This is an archived article and the information in the article may be outdated. Please look at the time stamp on the story to see when it was last updated.

Fights broke out and two people were cited Friday morning outside the Pasadena Apple Store, where nearly a hundred people had been hired to stand in line for a businessman who planned to resell newly released iPhone models.

businessman
This man told media he hired people to stand in line for him to buy iPhones, which he planned to resell abroad. (credit: Jacob Chung)

Dozens of homeless people had waited overnight and planned to obtain the prized Apple devices for a businessman who had hired them for $20 per iPhone, according to a man who gave his name as Bobby and said he worked for the buyer. Those in line had been given tickets by the store that could be used to purchase iPhones after doors opened.

“I got most of them (in) downtown LA,” Bobby said of those he had hired. “Twenty bucks a ticket, feed them … take care of them, make sure they’re warm.”

Another man, whom Bobby said he worked for, told gathered news media that his business was to buy and resell iPhones abroad, and that he had others working for him at Apple Store locations elsewhere in Southern California.

Bobby said he had coordinated the effort at the Pasadena store, hiring 98 people to stand in line.

Police had heard about transients standing in line for another man, but officers were not investigating, Pasadena police Lt. Jason Clawson said.

“Nothing illegal about that,” Clawson said.

Apple on Friday released the new iPhone 5S and 5C, and lines were formed hours in advance at stores around the country.

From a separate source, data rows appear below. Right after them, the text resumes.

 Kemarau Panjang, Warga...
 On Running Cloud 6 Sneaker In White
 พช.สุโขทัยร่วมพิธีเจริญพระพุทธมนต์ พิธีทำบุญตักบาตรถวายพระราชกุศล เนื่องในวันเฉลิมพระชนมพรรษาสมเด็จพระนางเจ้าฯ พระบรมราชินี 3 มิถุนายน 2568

At the Pasadena store, two men were taken into custody after a fist-fight broke out at 7:40 a.m., Clawson said. They were later cited for fighting in public, he said.

Pasadena-iphone
Pasadena police lead a man away from the Apple Store after a fight broke out Friday during the release of the new iPhone.

About 200 people were in line at the Apple Store before it opened at 8 a.m., Clawson said.

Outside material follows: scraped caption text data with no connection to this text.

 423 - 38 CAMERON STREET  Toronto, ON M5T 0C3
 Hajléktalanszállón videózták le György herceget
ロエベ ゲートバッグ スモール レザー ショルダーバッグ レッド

A man who said he was homeless told KTLA he had been given pizza, soda and cigarettes by the person who hired him.

But in the morning, many of those in line were told they could not buy iPhones. When they did not receive their payment, some were angry.

That resulted in a confrontation with the self-identified businessman who hired those who had waited in line, and who himself left the store with about a dozen iPhones, according to witnesses. The businessman was taken away from the scene in a police patrol car, a KTLA producer said.

apple-store-guy
This man told KTLA he was homeless and had been hired along with about 50 others to stand in line to buy two iPhones for someone else on Sept. 20, 2013.

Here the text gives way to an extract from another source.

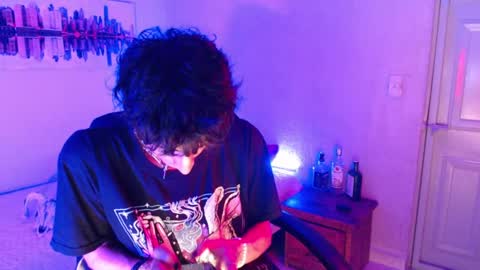 Snapshot of kenny__hot chatting on 02/03/25, 09:39 kenny online show from 02/03/25, 09:39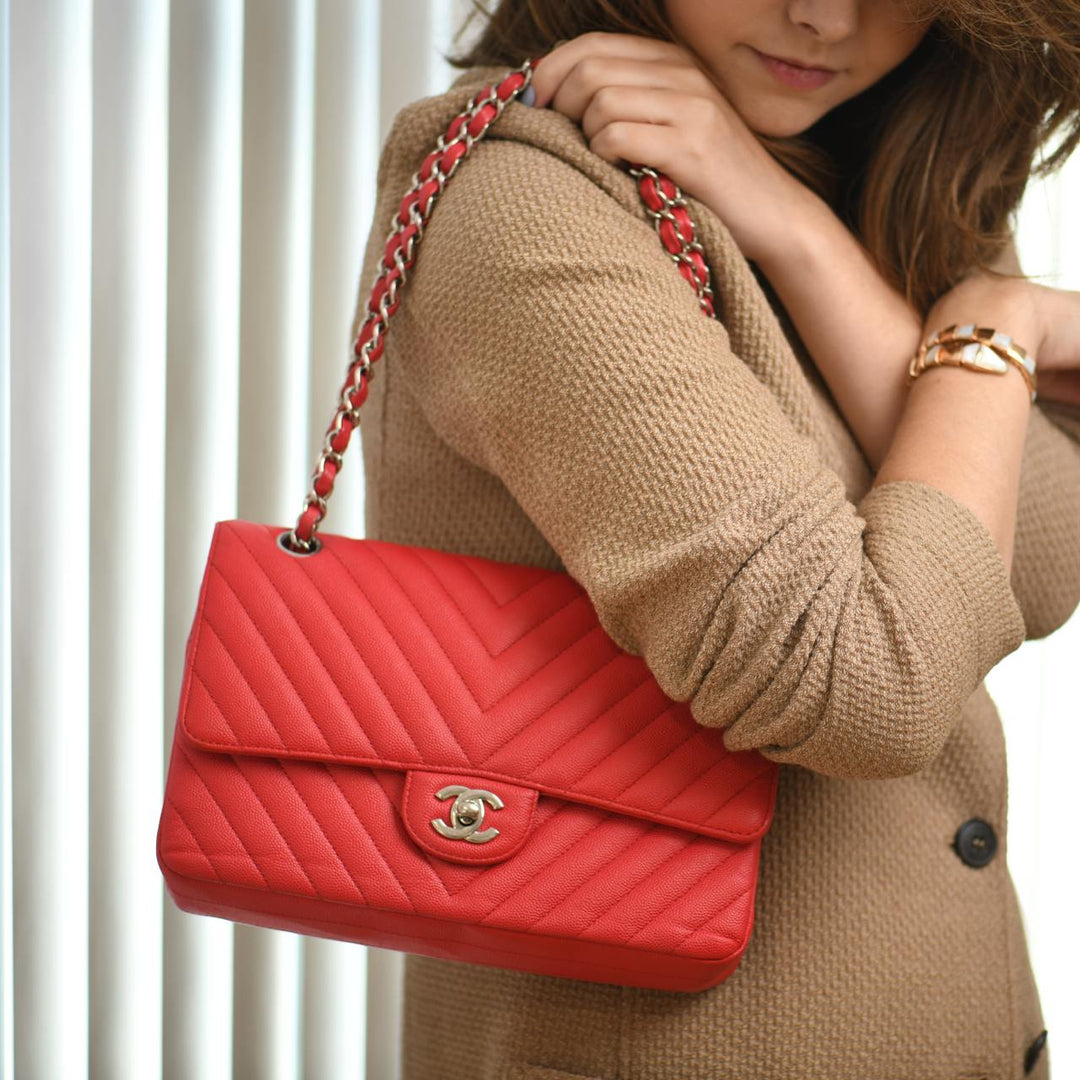 Second Hand Chanel Red Chevron Caviar Medium Classic Double Flap Bag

A man who identified himself as homeless told KTLA that he had stood in line since 6 p.m. Thursday and received two tickets to purchase iPhones inside that evening, but was unable to redeem them Friday.

“I’m homeless. There’s about 50 of us who are homeless here, camped out here all night. There’s my mat over there on the wall,” the man said.

“It seemed to be a problem, or some kind of miscommunication,” the man continued. “They were not taking our tickets inside, they were taking them away from us.”

Another woman said she had been hired from a downtown Los Angeles Skid Row shelter and offered the same deal, but did not get her $40 and now had no way to get home, according to the Los Angeles Times.

The homeless man said he felt like a “pigeon pooped” on his head after not getting paid. He said he planned to head back to downtown Los Angeles and find another way to make money.

“Some said they got paid; I didn’t get mine,” the homeless man said.

“If he is a scam artist, he should get what he deserves for it,” he said of the businessman.